*** RECORDS FOR PROCESSING ***

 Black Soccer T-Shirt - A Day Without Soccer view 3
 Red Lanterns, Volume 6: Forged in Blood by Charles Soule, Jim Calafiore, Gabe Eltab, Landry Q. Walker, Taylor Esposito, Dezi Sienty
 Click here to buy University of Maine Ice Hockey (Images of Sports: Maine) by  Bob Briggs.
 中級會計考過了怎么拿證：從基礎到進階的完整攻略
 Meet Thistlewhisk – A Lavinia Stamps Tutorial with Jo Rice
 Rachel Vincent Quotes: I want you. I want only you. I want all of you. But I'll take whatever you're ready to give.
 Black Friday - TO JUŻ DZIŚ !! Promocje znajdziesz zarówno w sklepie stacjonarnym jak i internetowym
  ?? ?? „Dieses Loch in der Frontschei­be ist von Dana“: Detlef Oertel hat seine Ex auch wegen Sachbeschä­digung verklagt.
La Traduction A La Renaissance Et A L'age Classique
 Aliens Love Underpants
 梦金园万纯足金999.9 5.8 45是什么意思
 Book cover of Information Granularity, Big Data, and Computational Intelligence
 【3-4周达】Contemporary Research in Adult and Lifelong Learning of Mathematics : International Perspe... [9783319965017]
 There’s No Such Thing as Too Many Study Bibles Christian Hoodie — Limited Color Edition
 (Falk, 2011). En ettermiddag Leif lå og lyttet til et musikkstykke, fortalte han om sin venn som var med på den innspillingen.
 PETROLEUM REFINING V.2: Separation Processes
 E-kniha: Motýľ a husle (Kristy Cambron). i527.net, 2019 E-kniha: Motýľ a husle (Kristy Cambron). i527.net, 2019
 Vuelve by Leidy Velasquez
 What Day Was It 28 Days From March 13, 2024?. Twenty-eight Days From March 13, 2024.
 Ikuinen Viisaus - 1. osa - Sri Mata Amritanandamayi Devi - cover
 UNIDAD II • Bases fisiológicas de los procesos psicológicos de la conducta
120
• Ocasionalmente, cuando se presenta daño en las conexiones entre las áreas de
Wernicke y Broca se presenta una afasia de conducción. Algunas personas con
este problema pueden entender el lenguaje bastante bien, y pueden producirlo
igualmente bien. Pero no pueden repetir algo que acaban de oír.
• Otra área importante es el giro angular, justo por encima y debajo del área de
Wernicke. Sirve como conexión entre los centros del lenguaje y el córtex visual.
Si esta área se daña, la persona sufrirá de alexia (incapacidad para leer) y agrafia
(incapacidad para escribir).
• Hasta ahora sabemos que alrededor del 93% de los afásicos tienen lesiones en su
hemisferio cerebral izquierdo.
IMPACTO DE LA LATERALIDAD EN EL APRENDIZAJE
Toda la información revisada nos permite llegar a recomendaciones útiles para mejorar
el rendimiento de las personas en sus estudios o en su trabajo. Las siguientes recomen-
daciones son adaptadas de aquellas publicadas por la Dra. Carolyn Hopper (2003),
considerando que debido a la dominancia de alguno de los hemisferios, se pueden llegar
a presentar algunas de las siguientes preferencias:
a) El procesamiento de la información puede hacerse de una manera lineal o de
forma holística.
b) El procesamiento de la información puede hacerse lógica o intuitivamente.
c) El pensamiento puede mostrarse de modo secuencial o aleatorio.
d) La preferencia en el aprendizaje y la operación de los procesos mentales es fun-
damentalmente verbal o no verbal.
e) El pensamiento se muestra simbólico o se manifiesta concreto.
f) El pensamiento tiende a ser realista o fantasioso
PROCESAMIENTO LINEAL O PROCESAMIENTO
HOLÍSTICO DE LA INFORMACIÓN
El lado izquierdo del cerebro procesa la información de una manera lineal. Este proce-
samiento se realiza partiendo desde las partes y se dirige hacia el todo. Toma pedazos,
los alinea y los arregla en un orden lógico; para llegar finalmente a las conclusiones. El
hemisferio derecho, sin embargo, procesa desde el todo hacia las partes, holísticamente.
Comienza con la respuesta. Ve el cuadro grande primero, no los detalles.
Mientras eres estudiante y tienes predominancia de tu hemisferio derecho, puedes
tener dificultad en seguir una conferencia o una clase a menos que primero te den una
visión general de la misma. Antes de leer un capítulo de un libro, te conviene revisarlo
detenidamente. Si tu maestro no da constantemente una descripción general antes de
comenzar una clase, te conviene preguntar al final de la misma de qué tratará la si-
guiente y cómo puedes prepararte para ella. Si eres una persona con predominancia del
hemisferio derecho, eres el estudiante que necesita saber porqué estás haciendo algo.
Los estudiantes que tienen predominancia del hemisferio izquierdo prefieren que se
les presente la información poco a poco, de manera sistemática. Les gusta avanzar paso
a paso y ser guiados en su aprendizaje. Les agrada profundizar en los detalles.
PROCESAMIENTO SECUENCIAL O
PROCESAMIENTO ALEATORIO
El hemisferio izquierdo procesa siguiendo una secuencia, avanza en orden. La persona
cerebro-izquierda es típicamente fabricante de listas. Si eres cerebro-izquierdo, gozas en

***

### TASK REQUIREMENTS
Above are the entries; give them back verbatim.

### TASK SOLUTION
 Black Soccer T-Shirt - A Day Without Soccer view 3
 Red Lanterns, Volume 6: Forged in Blood by Charles Soule, Jim Calafiore, Gabe Eltab, Landry Q. Walker, Taylor Esposito, Dezi Sienty
 Click here to buy University of Maine Ice Hockey (Images of Sports: Maine) by  Bob Briggs.
 中級會計考過了怎么拿證：從基礎到進階的完整攻略
 Meet Thistlewhisk – A Lavinia Stamps Tutorial with Jo Rice
 Rachel Vincent Quotes: I want you. I want only you. I want all of you. But I'll take whatever you're ready to give.
 Black Friday - TO JUŻ DZIŚ !! Promocje znajdziesz zarówno w sklepie stacjonarnym jak i internetowym
  ?? ?? „Dieses Loch in der Frontschei­be ist von Dana“: Detlef Oertel hat seine Ex auch wegen Sachbeschä­digung verklagt.
La Traduction A La Renaissance Et A L'age Classique
 Aliens Love Underpants
 梦金园万纯足金999.9 5.8 45是什么意思
 Book cover of Information Granularity, Big Data, and Computational Intelligence
 【3-4周达】Contemporary Research in Adult and Lifelong Learning of Mathematics : International Perspe... [9783319965017]
 There’s No Such Thing as Too Many Study Bibles Christian Hoodie — Limited Color Edition
 (Falk, 2011). En ettermiddag Leif lå og lyttet til et musikkstykke, fortalte han om sin venn som var med på den innspillingen.
 PETROLEUM REFINING V.2: Separation Processes
 E-kniha: Motýľ a husle (Kristy Cambron). i527.net, 2019 E-kniha: Motýľ a husle (Kristy Cambron). i527.net, 2019
 Vuelve by Leidy Velasquez
 What Day Was It 28 Days From March 13, 2024?. Twenty-eight Days From March 13, 2024.
 Ikuinen Viisaus - 1. osa - Sri Mata Amritanandamayi Devi - cover
 UNIDAD II • Bases fisiológicas de los procesos psicológicos de la conducta
120
• Ocasionalmente, cuando se presenta daño en las conexiones entre las áreas de
Wernicke y Broca se presenta una afasia de conducción. Algunas personas con
este problema pueden entender el lenguaje bastante bien, y pueden producirlo
igualmente bien. Pero no pueden repetir algo que acaban de oír.
• Otra área importante es el giro angular, justo por encima y debajo del área de
Wernicke. Sirve como conexión entre los centros del lenguaje y el córtex visual.
Si esta área se daña, la persona sufrirá de alexia (incapacidad para leer) y agrafia
(incapacidad para escribir).
• Hasta ahora sabemos que alrededor del 93% de los afásicos tienen lesiones en su
hemisferio cerebral izquierdo.
IMPACTO DE LA LATERALIDAD EN EL APRENDIZAJE
Toda la información revisada nos permite llegar a recomendaciones útiles para mejorar
el rendimiento de las personas en sus estudios o en su trabajo. Las siguientes recomen-
daciones son adaptadas de aquellas publicadas por la Dra. Carolyn Hopper (2003),
considerando que debido a la dominancia de alguno de los hemisferios, se pueden llegar
a presentar algunas de las siguientes preferencias:
a) El procesamiento de la información puede hacerse de una manera lineal o de
forma holística.
b) El procesamiento de la información puede hacerse lógica o intuitivamente.
c) El pensamiento puede mostrarse de modo secuencial o aleatorio.
d) La preferencia en el aprendizaje y la operación de los procesos mentales es fun-
damentalmente verbal o no verbal.
e) El pensamiento se muestra simbólico o se manifiesta concreto.
f) El pensamiento tiende a ser realista o fantasioso
PROCESAMIENTO LINEAL O PROCESAMIENTO
HOLÍSTICO DE LA INFORMACIÓN
El lado izquierdo del cerebro procesa la información de una manera lineal. Este proce-
samiento se realiza partiendo desde las partes y se dirige hacia el todo. Toma pedazos,
los alinea y los arregla en un orden lógico; para llegar finalmente a las conclusiones. El
hemisferio derecho, sin embargo, procesa desde el todo hacia las partes, holísticamente.
Comienza con la respuesta. Ve el cuadro grande primero, no los detalles.
Mientras eres estudiante y tienes predominancia de tu hemisferio derecho, puedes
tener dificultad en seguir una conferencia o una clase a menos que primero te den una
visión general de la misma. Antes de leer un capítulo de un libro, te conviene revisarlo
detenidamente. Si tu maestro no da constantemente una descripción general antes de
comenzar una clase, te conviene preguntar al final de la misma de qué tratará la si-
guiente y cómo puedes prepararte para ella. Si eres una persona con predominancia del
hemisferio derecho, eres el estudiante que necesita saber porqué estás haciendo algo.
Los estudiantes que tienen predominancia del hemisferio izquierdo prefieren que se
les presente la información poco a poco, de manera sistemática. Les gusta avanzar paso
a paso y ser guiados en su aprendizaje. Les agrada profundizar en los detalles.
PROCESAMIENTO SECUENCIAL O
PROCESAMIENTO ALEATORIO
El hemisferio izquierdo procesa siguiendo una secuencia, avanza en orden. La persona
cerebro-izquierda es típicamente fabricante de listas. Si eres cerebro-izquierdo, gozas en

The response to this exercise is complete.